The CBI release says : "If we want to see the billions of pounds needed to upgrade our ageing infrastructure and secure jobs and growth for the long-term, the Government must make smarter use of limited public finances. By underpinning and lifting the credit rating of certain infrastructure assets, it can make them less risky and more attractive to investors.
"If we can capture just a fraction of the £1.5 trillion of capital held in UK pension funds, and invest a further 2% of their total assets in infrastructure, this would make a huge contribution to renewing our energy, transport and other infrastructure."
The group proposed that the Government lifted the credit rating for infrastructure projects to above investment grade (BBB-). It also proposed a dividend tax credit targeted purely at new projects, which would make infrastructure more attractive to defined benefit pension funds.
Initially, it should be said that infrastructure assets are a natural choice given the investment profile of pension funds. They provide a long-term, inflation-linked income, which neatly matches the liabilities of this part of the market. Foreign investors have entered UK infrastructure assets and infrastructure has proved a popular investment for pension funds globally.
We have explored this previously on Mindful Money: "Last week, a massive Canadian retirement scheme joined up with a consortium of Japanese pension funds and banks to set up a $20bn infrastructure fund that will invest in major projects such as airports and roads."

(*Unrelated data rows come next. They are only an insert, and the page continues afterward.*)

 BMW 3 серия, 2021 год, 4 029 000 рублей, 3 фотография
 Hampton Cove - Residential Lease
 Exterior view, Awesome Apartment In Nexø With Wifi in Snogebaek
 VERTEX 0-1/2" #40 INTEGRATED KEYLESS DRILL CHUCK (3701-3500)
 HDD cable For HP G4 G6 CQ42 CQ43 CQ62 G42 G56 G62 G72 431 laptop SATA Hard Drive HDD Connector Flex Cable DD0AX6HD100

But to date UK pension funds have steered clear. There was some progress in November last year with the NAPF and the Pension Protection Fund signing an agreement with the government to boost investment in the sector.

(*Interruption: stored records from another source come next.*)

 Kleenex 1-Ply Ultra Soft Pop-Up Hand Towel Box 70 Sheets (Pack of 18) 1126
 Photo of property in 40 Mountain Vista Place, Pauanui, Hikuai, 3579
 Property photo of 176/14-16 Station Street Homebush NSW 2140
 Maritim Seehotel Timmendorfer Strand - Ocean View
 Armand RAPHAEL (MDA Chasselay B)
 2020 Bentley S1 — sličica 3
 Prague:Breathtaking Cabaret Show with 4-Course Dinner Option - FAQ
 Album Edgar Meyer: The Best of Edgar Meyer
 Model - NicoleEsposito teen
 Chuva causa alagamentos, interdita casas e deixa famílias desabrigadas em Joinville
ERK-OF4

They said at the time: "Structured correctly, infrastructure assets can provide the necessary investment profile that pension funds require, and pension funds can be an important source of private investment. However, the current investment model makes it difficult for them to invest efficiently in infrastructure."
Progress has been slow. Around 10-12 major pension funds have signed up to the infrastructure platform, but there is still widespread reticence.
This piece shows the current thinking of the pensions industry: "Leave aside that while some pension funds have signed up to the platform, many are distinctly unwilling to bankroll high risk infrastructure projects. Given that cost of government debt is so low, reflected by chancellor George Osborne's decision to look into locking in current low borrowing costs by issuing perpetual bonds, there have to be question marks over creating an elaborate and potentially much more costly mechanism to fund infrastructure projects. Anybody remember the private finance initiative?"
The moves proposed by the CBI would certainly go some way to address the reluctance of pension funds to invest and would seem to place relatively little pressure on government finances. The question of whether it would boost UK GDP is more difficult to assess.
In the meantime, Goldenboy on the Telegraph site proposes an alternative option: "We need an independent sovereign wealth fund charged with making infrastructure investments that generate a return. The fund should be given £500bn which can be borrowed by HMG at current rates of 1.8% and only invest when rates of return are at least 5% -not a demanding target. The profit should go towards filling the black hole that is state pensions – the removal of this black hole will give the markets the confidence they need to lend this money without demanding a premium.
"There are plenty of projects that can make this return but the fund could be given certain rights to make planning decision and to levy local charges in order to enhance the returns. For instance if a new railway line makes all the buildings in a town a lot more valuable, then the fund should have the right to take a part of this value. Similarly it should have the right to purchase land at prices before the new railway arrives to capitalise on it by building new homes and factories. And so on."
The presence of a strong sovereign wealth fund certainly made the difference for some companies during the credit crisis. However, they were generally countries that had some money in the first place.